In 2016, Steffensen et al evaluated the ability of HE4 and CA 125, individually and together, to predict ovarian cancer recurrence after first-line chemotherapy (Steffensen, 2016). The study included 88 patients with serum samples drawn at the end of chemotherapy and at least twice during the follow-up period. Median length of follow-up for patients still living was 47 months. During the study, 55 (62.5%) of 88 patients had recurrences and 38 (43%) died. HE4 values at the end of chemotherapy classified 70 (84.3%) patients as at high risk of relapse and 13 (15.7%) as at low risk. The sensitivity of HE4 was 90.0% (95% CI, 79.0% to 96.8%) and specificity was 25.8% (95% CI, 11.9% to 44.6%). The combination of HE4 and CA 125 levels classified 69 (83%) patients as high risk of relapse and 14 (16.9%) as low risk, with a sensitivity of 90.0% (95% CI, 79.0% to 96.8%) and a specificity of 29% (95% CI, 14.2% to 48.0%). Based on analysis of HE4 and CA 125 levels from samples taken 3 months after chemotherapy, an increase of at least 50% relative to baseline was considered the cutoff for predicting a significant worsening of progression-free survival (PFS). Both HE4 and CA 125 as individual markers at 3 and 6 months were significantly associated with poorer PFS. However, on multivariate analysis, HE4 was a significant predictor of PFS at 6 months but not at 3 months, and CA 125 was nonsignificant at both 3 and 6 months. For the combination of CA 125 and HE4, there were too few patients positive on both markers at 3 months (n=7) to conduct an analysis of the combination’s association with PFS.

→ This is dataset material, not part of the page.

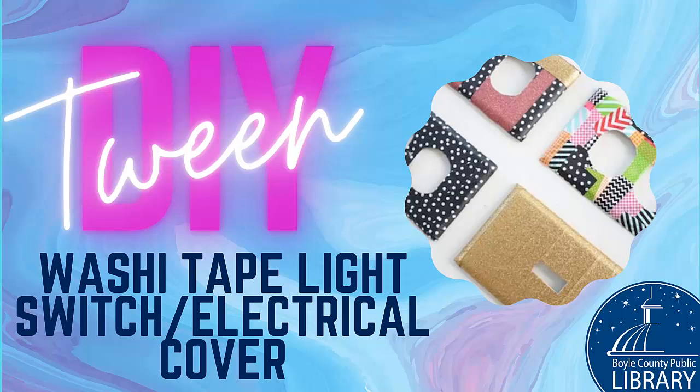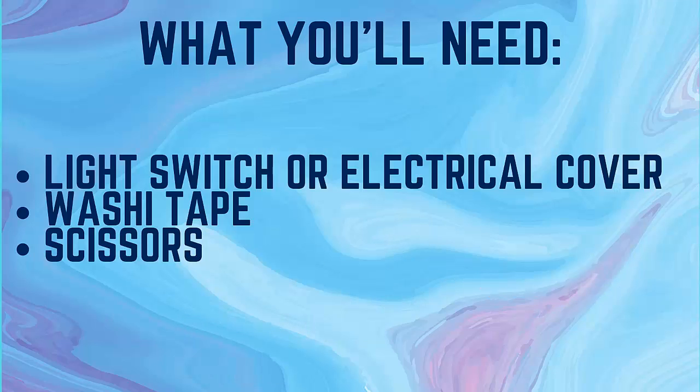Today, I'm going to be showing you all how to make washi tape light switch or electrical outlet covers. Make sure you have your bag of supplies and find a good place to set up. If you aren't able to get a grab bag, you can gather these supplies from around your house and follow along.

Although HE4 levels are associated with the presence of recurrent ovarian cancer, improvement in health outcomes would depend on subsequent management decisions that would improve health outcomes. There is not a clear chain of evidence demonstrating that incremental changes in ovarian cancer detection would lead to improved health outcomes. No prospective studies were identified that compared health outcomes in patients with ovarian cancer managed with and without HE4 testing, alone or in combination with CA 125 or other disease markers.

There is a lack of evidence to determine the effects of HE4 serum biomarker testing on health outcomes in the diagnosis or screening of ovarian cancer and adnexal masses.

2018 Update

Annual policy review completed with a literature search using the MEDLINE database through March 2018. No new literature was identified that would prompt a change in the coverage statement.

2019 Update

A literature search was conducted through March 2019. There was no new information identified that would prompt a change in the coverage statement. The key identified literature is summarized below.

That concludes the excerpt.